> TASK DESCRIPTION:
Reproduce nothing but the lines from the start of the material through the line that includes "K857- Gilet Maille", both ends included, and omit every picture.

> PROVIDED ENTRIES:
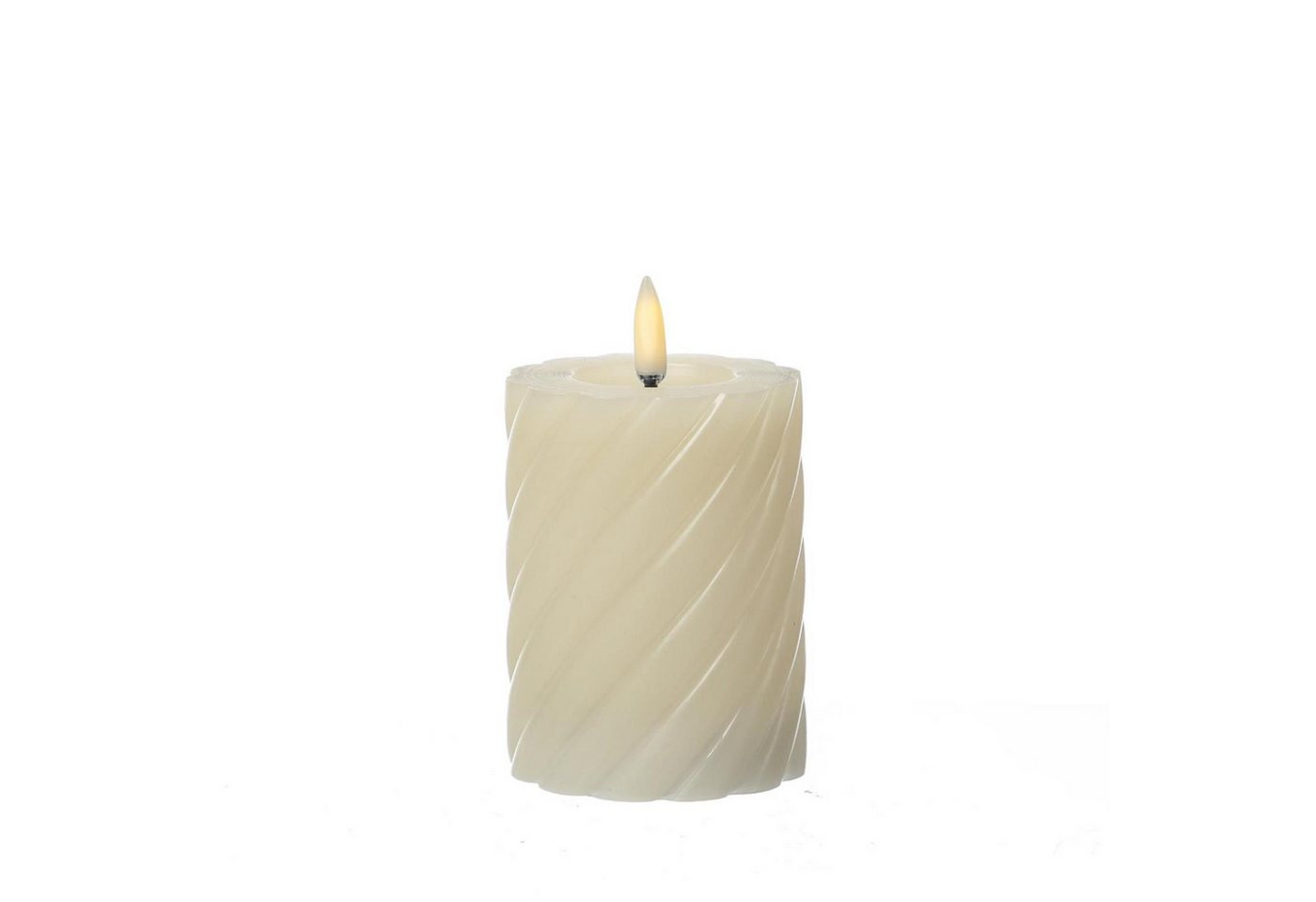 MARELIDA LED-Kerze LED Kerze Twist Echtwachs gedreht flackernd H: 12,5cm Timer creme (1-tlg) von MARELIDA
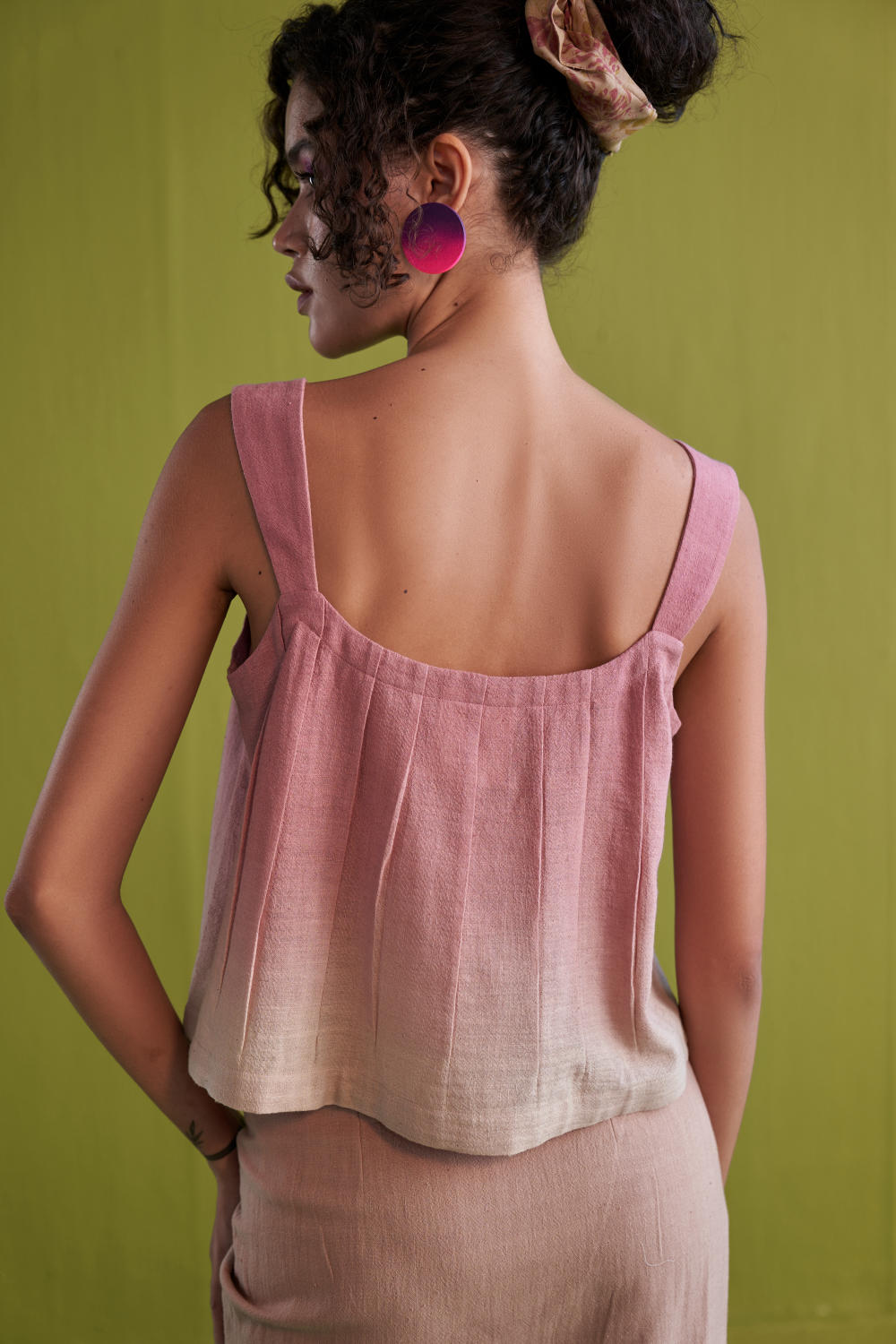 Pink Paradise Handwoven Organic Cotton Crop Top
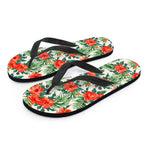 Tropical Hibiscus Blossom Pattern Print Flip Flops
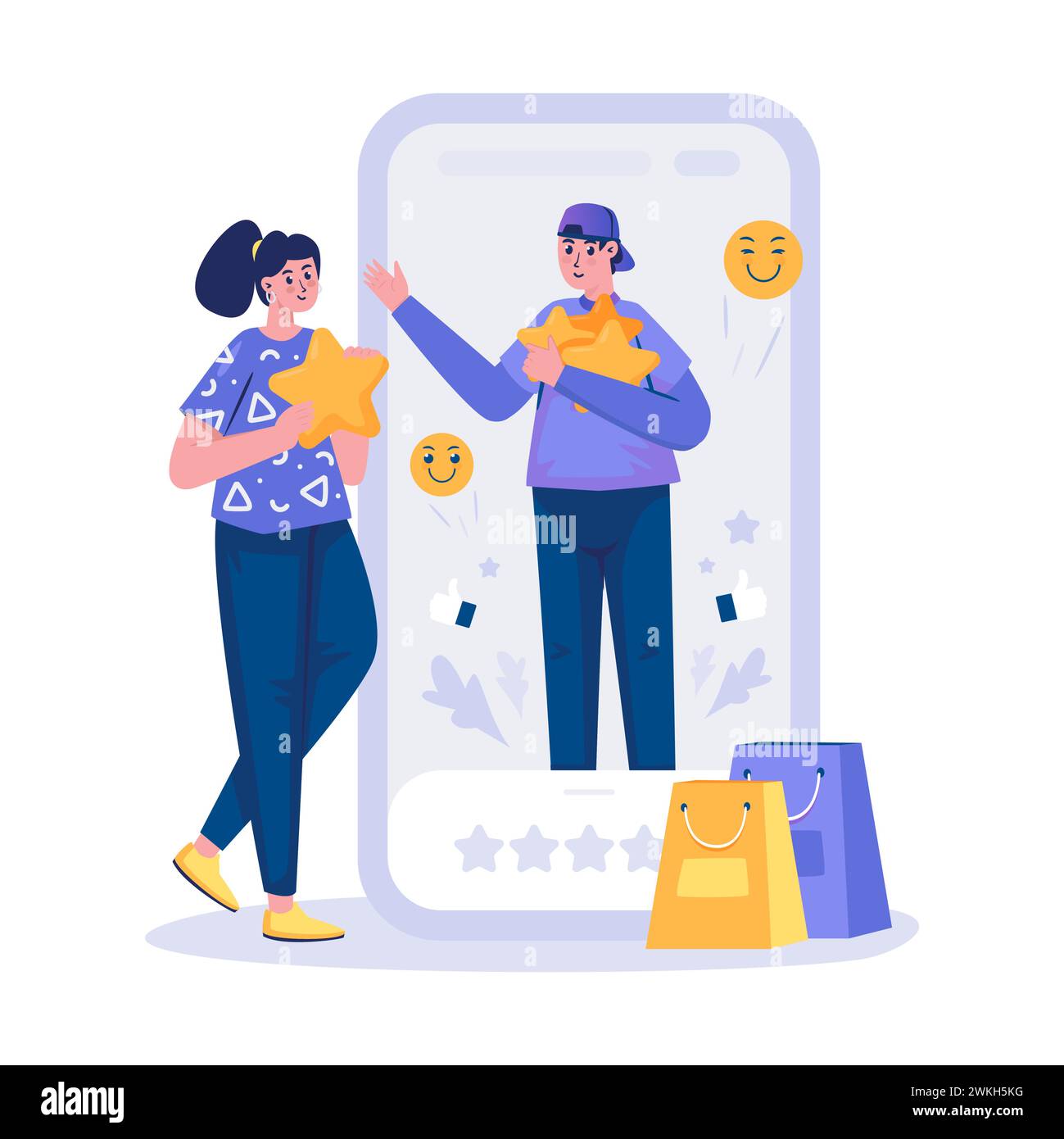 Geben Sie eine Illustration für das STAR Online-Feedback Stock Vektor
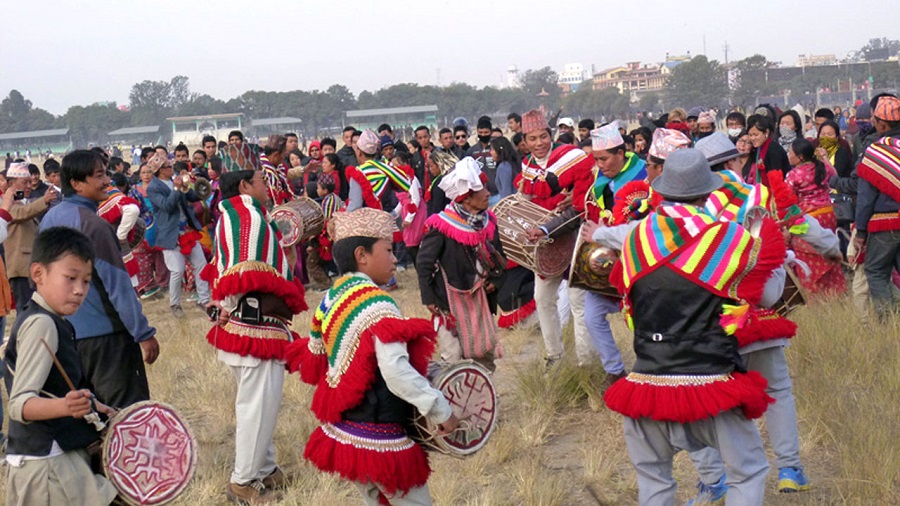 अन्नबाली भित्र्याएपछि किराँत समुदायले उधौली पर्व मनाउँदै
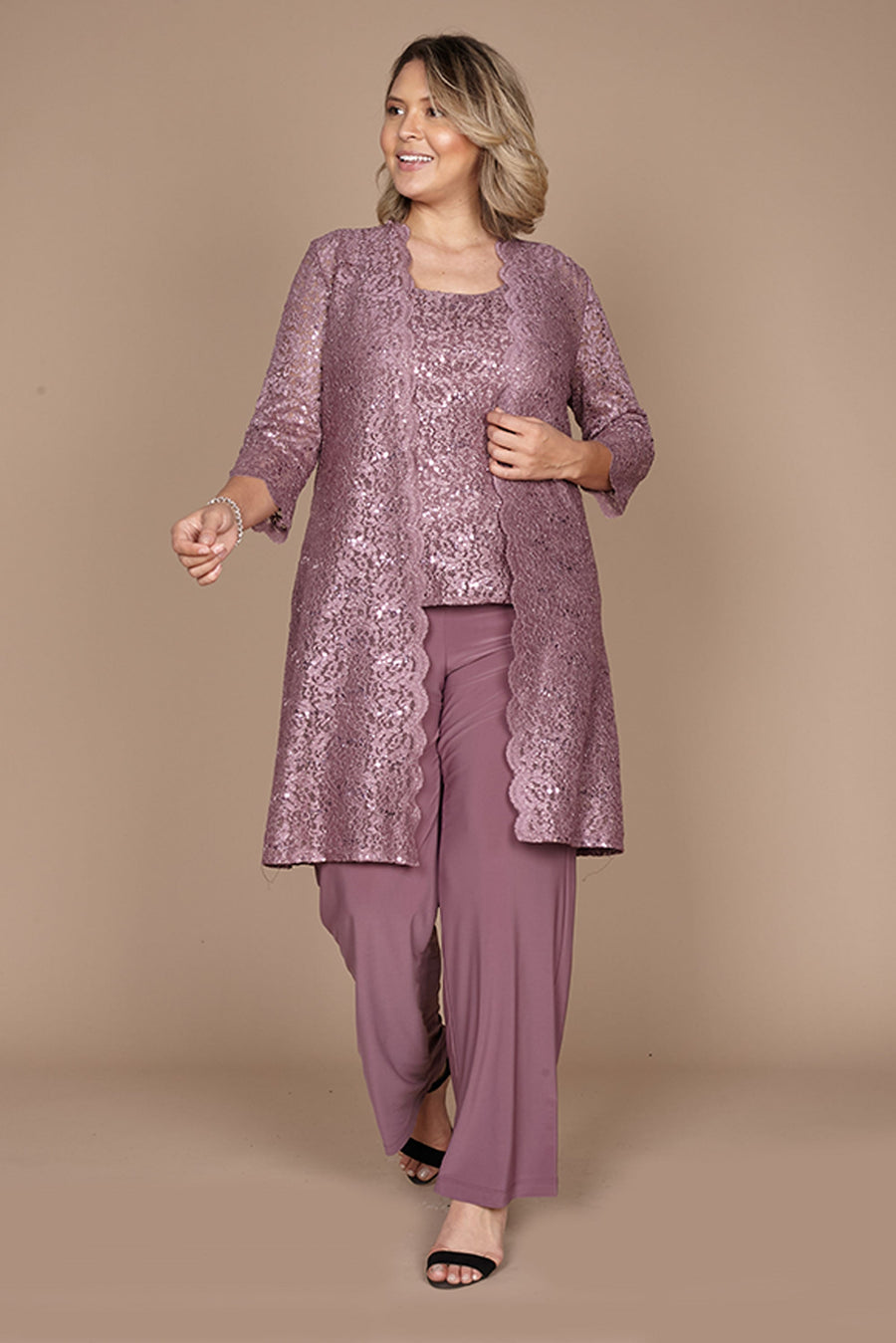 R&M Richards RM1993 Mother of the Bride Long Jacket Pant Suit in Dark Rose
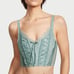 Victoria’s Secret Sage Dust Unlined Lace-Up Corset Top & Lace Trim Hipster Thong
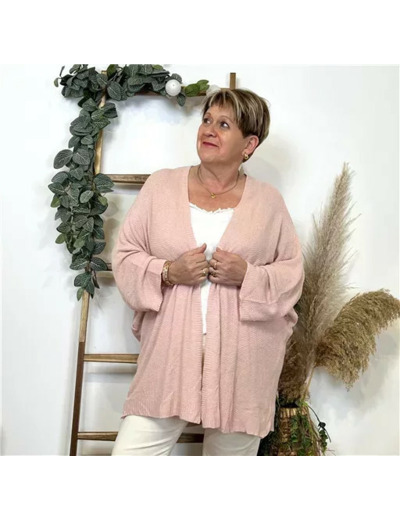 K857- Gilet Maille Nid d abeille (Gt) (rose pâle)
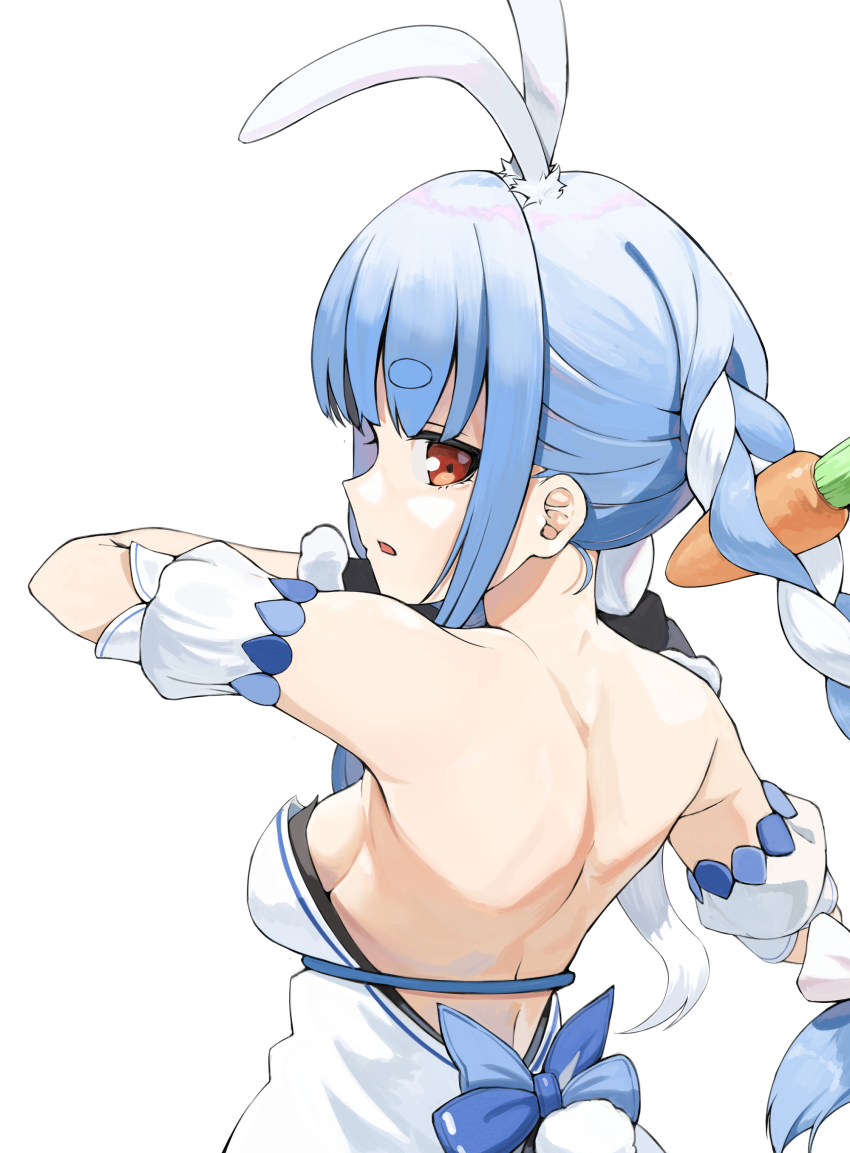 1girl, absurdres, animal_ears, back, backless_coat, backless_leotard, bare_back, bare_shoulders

> ANSWER SECTION:
 MARELIDA LED-Kerze LED Kerze Twist Echtwachs gedreht flackernd H: 12,5cm Timer creme (1-tlg) von MARELIDA
 Pink Paradise Handwoven Organic Cotton Crop Top
 Tropical Hibiscus Blossom Pattern Print Flip Flops
 Geben Sie eine Illustration für das STAR Online-Feedback Stock Vektor
 अन्नबाली भित्र्याएपछि किराँत समुदायले उधौली पर्व मनाउँदै
 R&M Richards RM1993 Mother of the Bride Long Jacket Pant Suit in Dark Rose
 Victoria’s Secret Sage Dust Unlined Lace-Up Corset Top & Lace Trim Hipster Thong
 K857- Gilet Maille Nid d abeille (Gt) (rose pâle)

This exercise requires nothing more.